Cinema com Rapadura

OPINIÃO   quarta-feira, 15 de novembro de 2017

O Matador (2017): faroeste inconsistente na terra do cangaço

A Netflix acerta na ambientação, mas peca na qualidade narrativa, entregando um faroeste com uma bela fotografia mas um roteiro preguiçoso.

Os filmes de faroeste (ou western se preferir) são tradicionalmente conhecidos por apresentar a figura mítica do herói americano: o cowboy. Desbravador das terras selvagens e normalmente visto como o anti-herói necessário para um local ainda sem lei, o cowboy costuma ser a pessoa responsável por resolver os problemas que não cabem mais à sociedade fraca e corrupta. O primeiro longa metragem brasileiro da Netflix utiliza superficialmente esse conceito inserido no sertão nordestino, lá pelos idos do cangaço.

Em “O Matador”, filme dirigido e roteirizado por Marcelo Galvão (“A Despedida”), acompanhamos a história de Cabeleira (Diogo Morgado, “Malapata”), que quando bebê foi encontrado e salvo pelo cangaceiro Sete Orelhas (Deto Montenegro, “A Despedida”). Ainda jovem, Cabeleira vê Sete Orelhas partir e não retornar mais. Ao sair para procurar o cangaceiro, o jovem pistoleiro se depara com a excêntrica figura de Monsieur Blanchard (Etienne Chicot de “Os Meninos Que Enganavam Nazistas”); um francês dono das cercanias e sem escrúpulos.

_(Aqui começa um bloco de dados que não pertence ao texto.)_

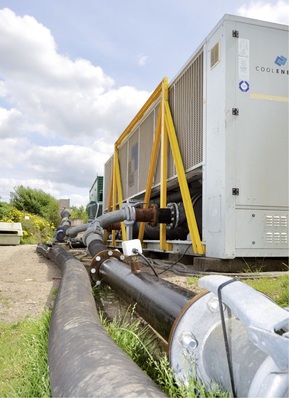 Abb. 1 Mietkälte bei Contract Chemicals: 6“-Schlauchleitungen verbinden einen Kaltwassersatz mit dem vorhandenen System.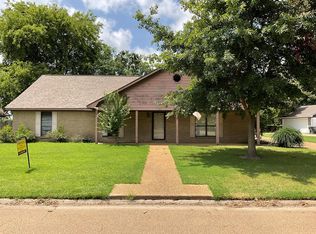 128 Cotton Dr, Leland, MS 38756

Inspirado na obra “Grande Sertão: Veredas”, de João Guimarães Rosa, o filme tem uma belíssima ambientação, que se aproxima dos clássicos faroestes. Seja no sertão nordestino – extremamente seco – seja nas cidades do interior, com uma arquitetura particularmente modesta e dona de população que parece já ter se acostumado com a violência. Mas a inspiração parece ter ficado mais na ambientação do que na narrativa, uma vez que, ao contrário do livro de Guimarães Rosa, o problema deste filme está justamente no roteiro.

A começar pelo estilo utilizado para apresentar a história. Ela é contada por Antônio (Allan Lima) que em diversos momentos entra com narrações em off responsáveis por adicionar nada à trama além de explicar exatamente o que está sendo mostrado na tela. Ainda pior é quando a narração explica interpretações que caberia ao público perceber. Assim, o método utilizado para contar a história, além de preguiçoso, pois simplifica tudo para a direção que não precisa criar os contextos para que a trama faça sentido, trata o público de forma infantil, como se quem assiste não conseguisse perceber aquilo em tela.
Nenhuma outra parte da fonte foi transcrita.